▶ **Problem statement**
Below are records; extract exactly the lines from the one containing "Effen cropped denim broek. - BLUE - 42" through the last, both included, and keep the pictures out.

▶ **Excerpted records**
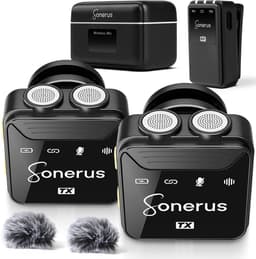 Sonerus Pro - Lavalier - Draadloze Microfoon - 2 Stuks - Geschikt voor Alle Smartphones, Camera & Laptop - Microfoons - Plug & Play - Incl. 2 Windshields — thumbnail 1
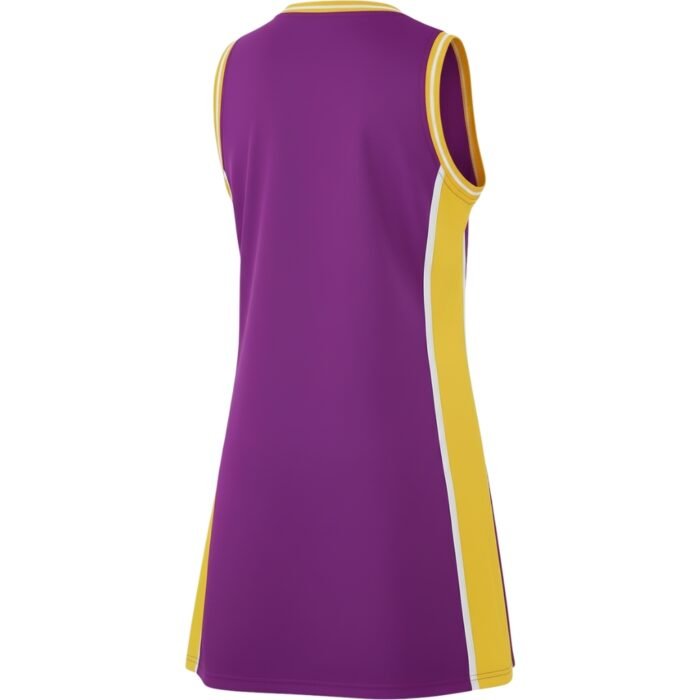 Back view of a sleeveless purple athletic dress with central yellow stripe, lateral yellow-and-white striped panels, and yellow binding on neckline and armholes.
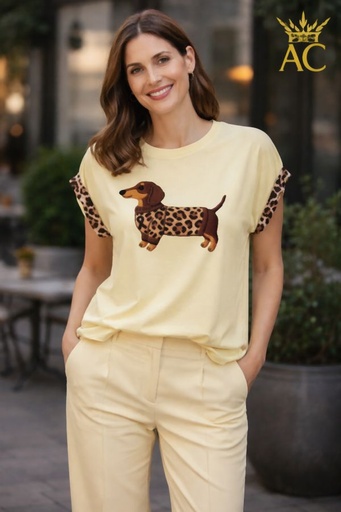 [201729] T-shirt Neala nm65 dachshund panther print cuff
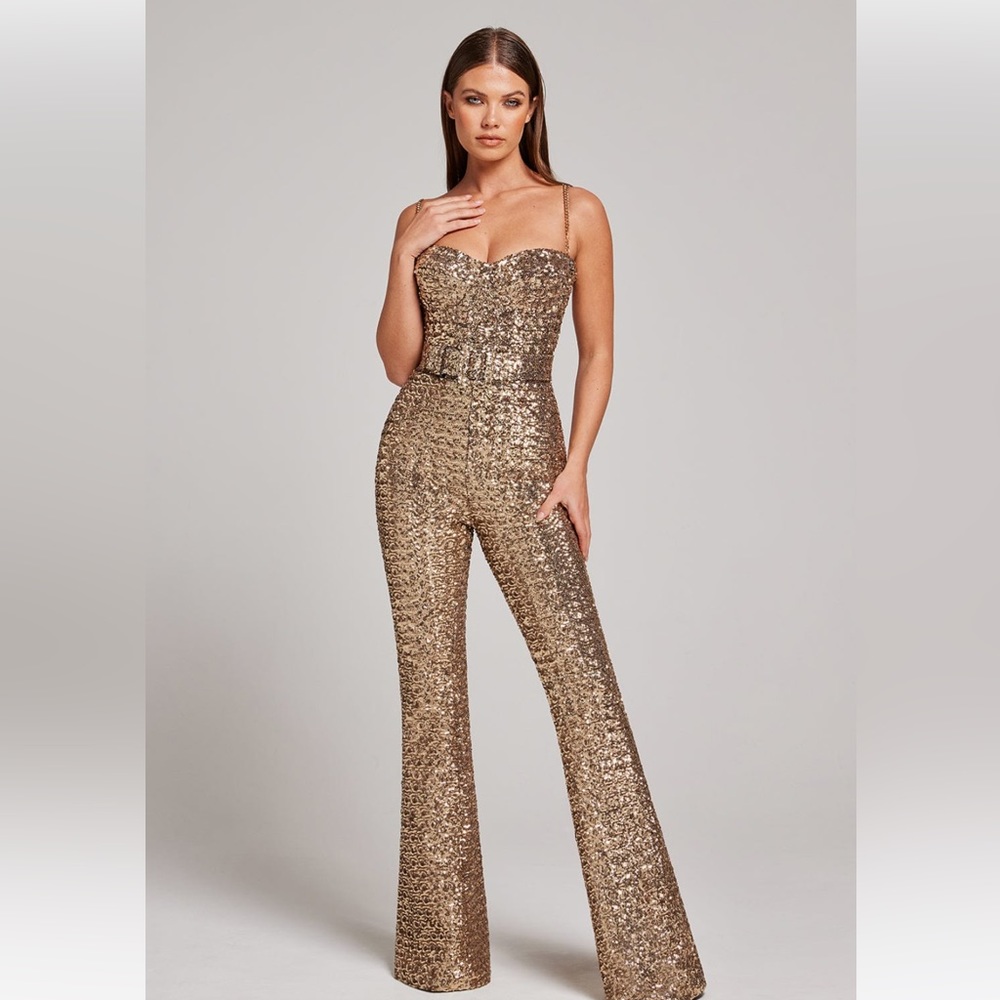 Nadine Merabi Lucinda Gold Jumpsuit S/M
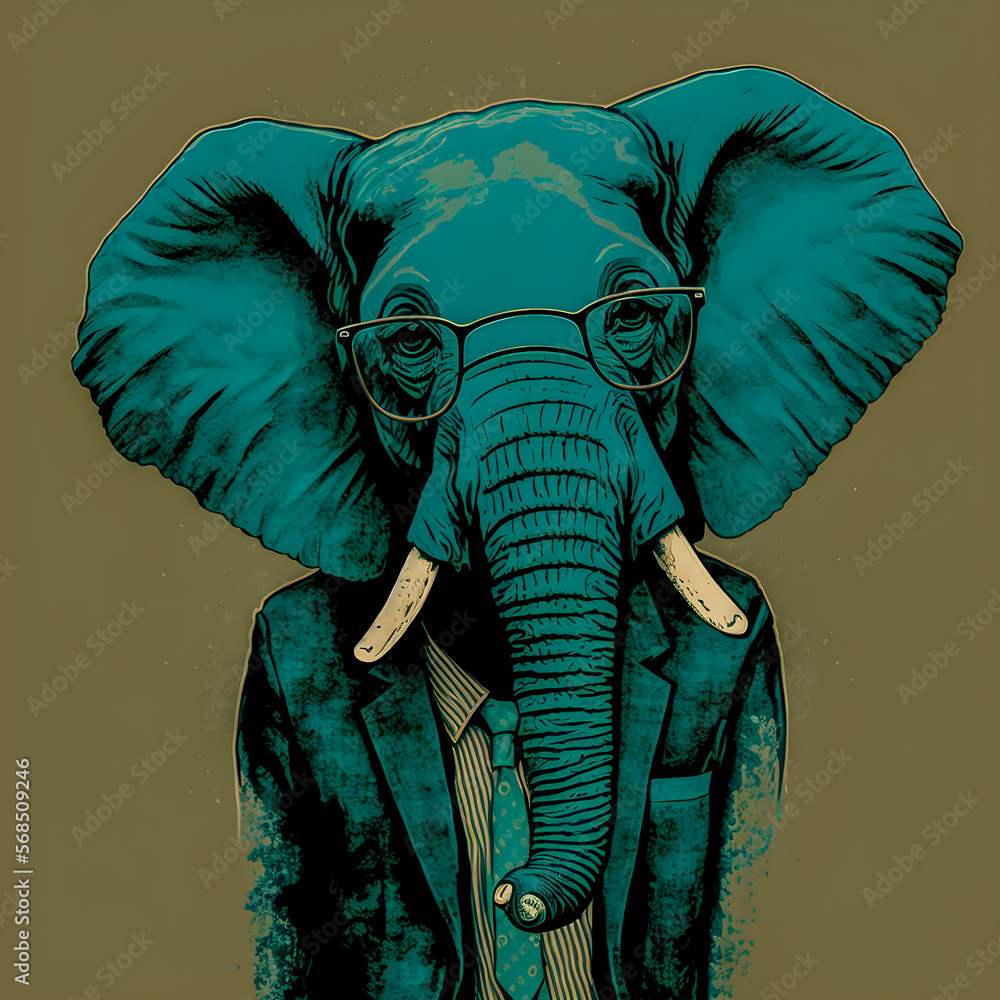 Obraz premium Funny Hipster Cute Elephant Art Illustration, Anthropomorphic Animals Generative AI 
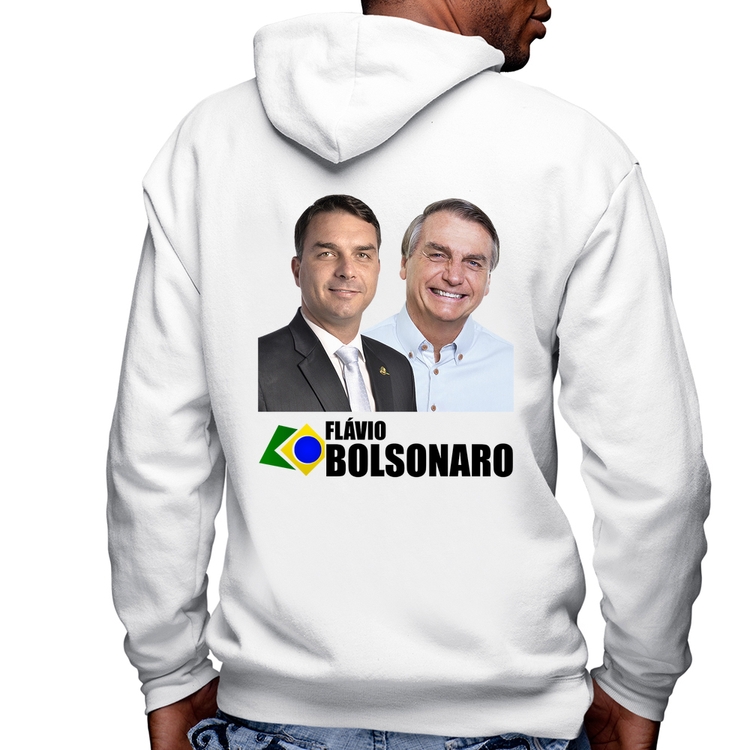 Blusa Moletom Flávio e Jair Bolsonaro Masculina com Capuz e Zíper - Branca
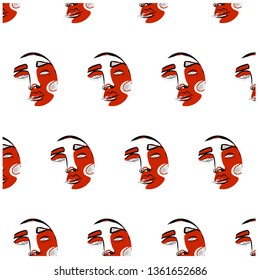 One line pattern with portraits in modern abstract style. Contemporary background. Hand drawn graphic doodle vector illustration. Black and white art. 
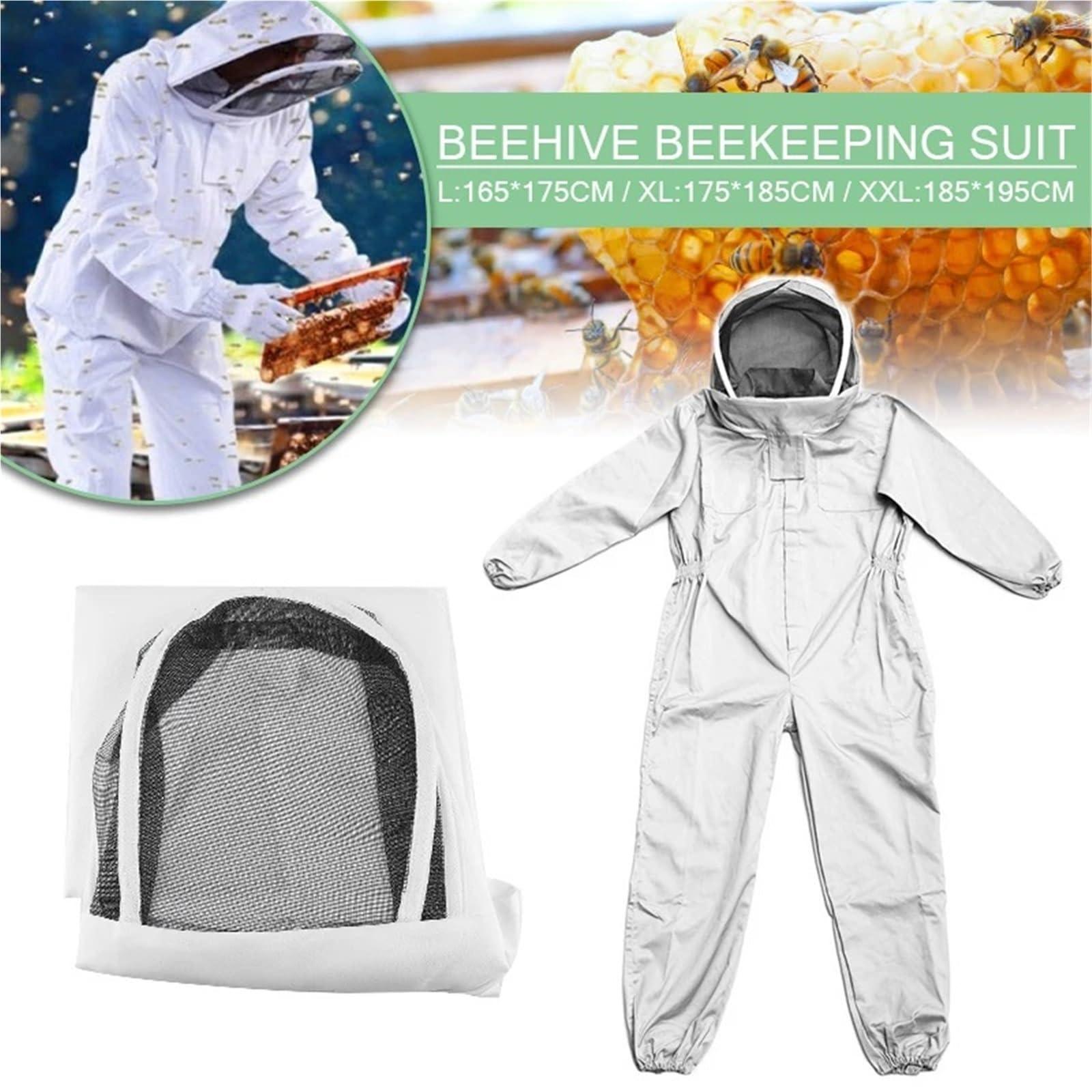 Traje de apicultor Profesional Ropa de apicultura cuerpo entero, traje protección profesional, velo seguridad, sombrero, vestido, equipo for todo el(XXL)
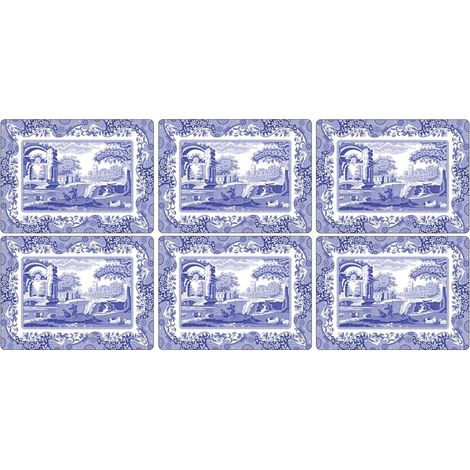 Lot de 6 Sets de Table Italiens Bleu/Blanc 30,5 x 23 cm (1/5)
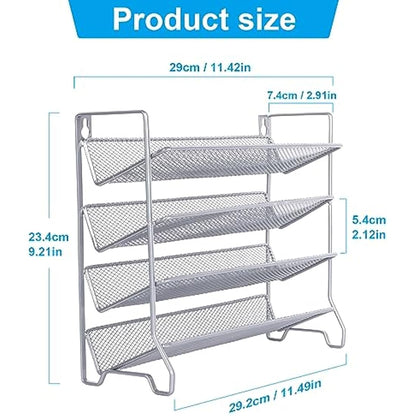 Mutool 4 Tier Spice rack Free standing Metal Kitchen Shelf,Plastic Spice Bottle Jars Storage Tidy Condiment holder for Countertop Cabinet, with 24 Spice jars,80 labels,1 pen,1 funnel(Silver grey)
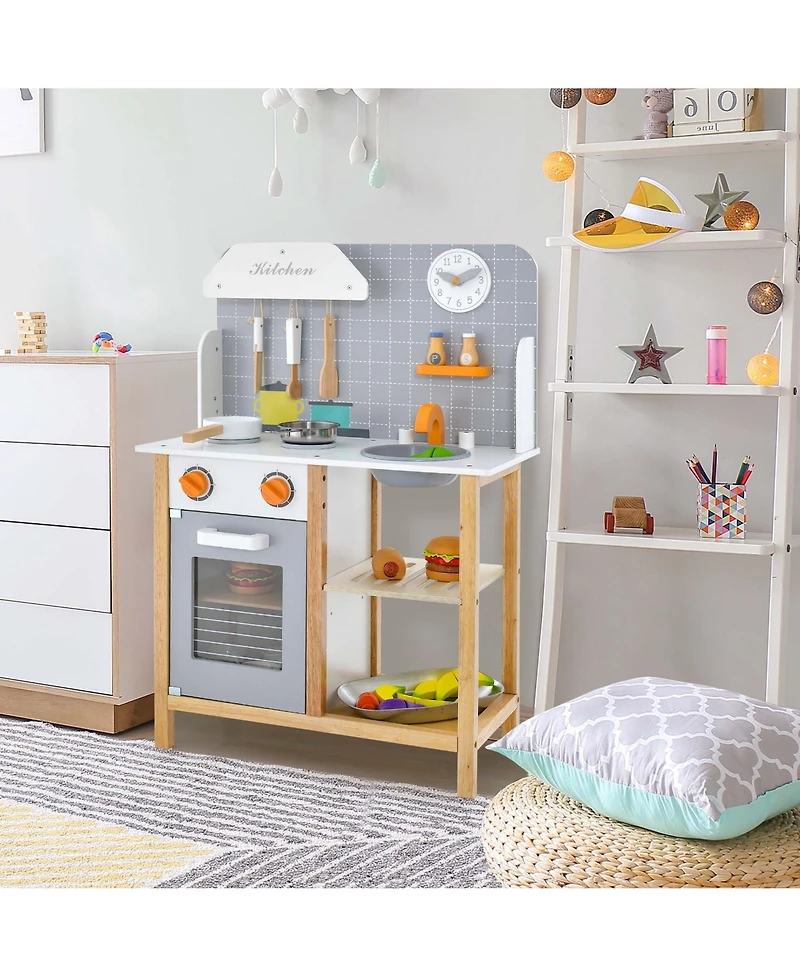 Costway Wooden Kid's Play Kitchen Set Pretend Chef Cooking Toy with Cookware Accessories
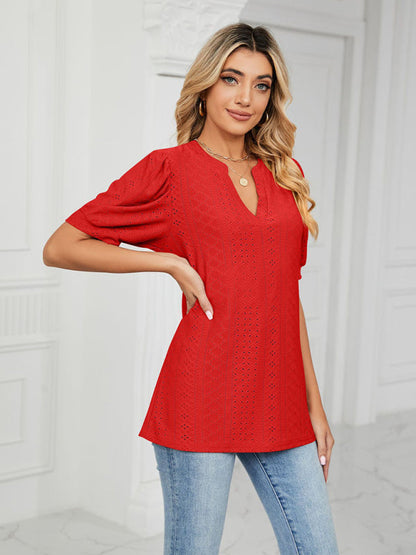 Top- Eyelet V-Neck Blouse - Summer Puff Sleeve Top- Red- IndioGear Fashion and Gear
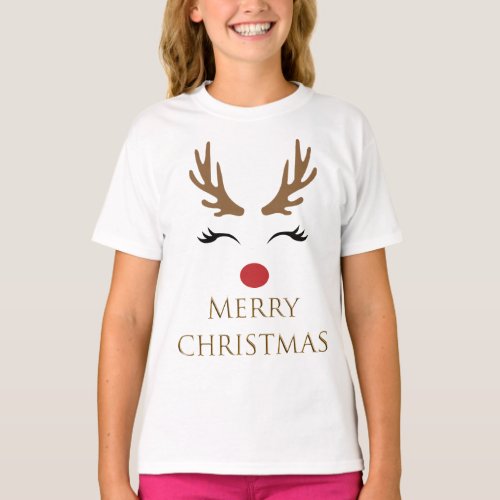Kids Cute Christmas Reindeer Shirt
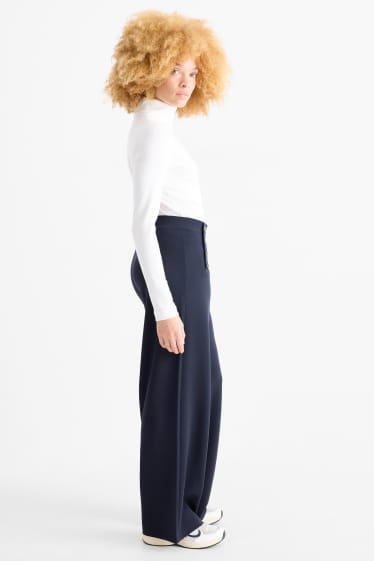 Femei - Pantaloni din jerseu - talie medie - wide leg - albastru închis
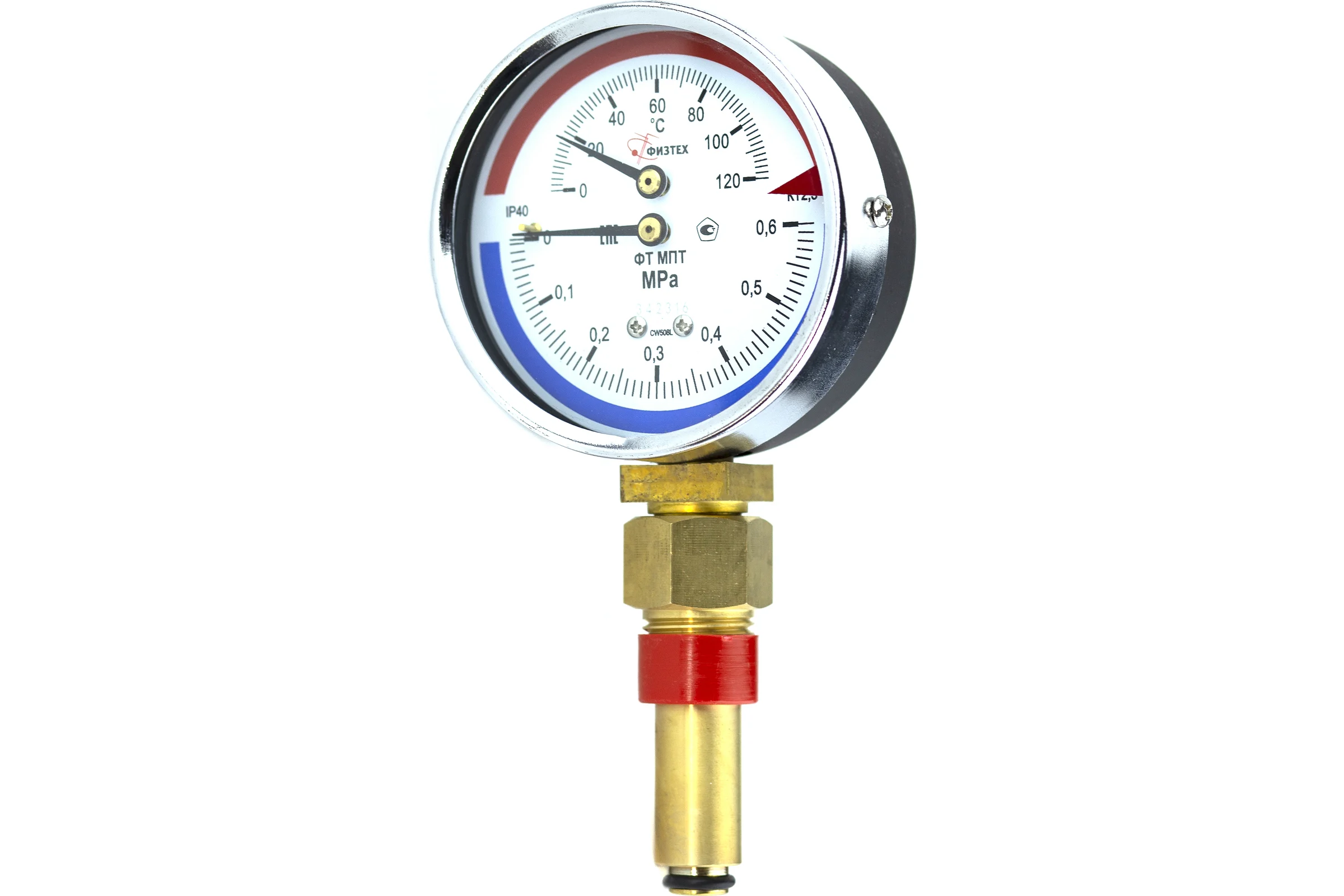 Термоманометр Физтех МПТ 0…120C/0…0,6 МПа кт.2,5 d.80 IP40 G1/2 РШ L46 4687205455444
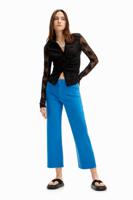 Effen cropped denim broek. - BLUE - 42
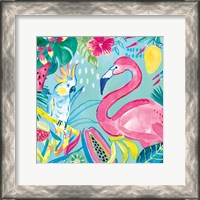 Framed 'Fruity Flamingos III' border=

▶ **Exercise solution**
 Effen cropped denim broek. - BLUE - 42
 Framed 'Fruity Flamingos III' border=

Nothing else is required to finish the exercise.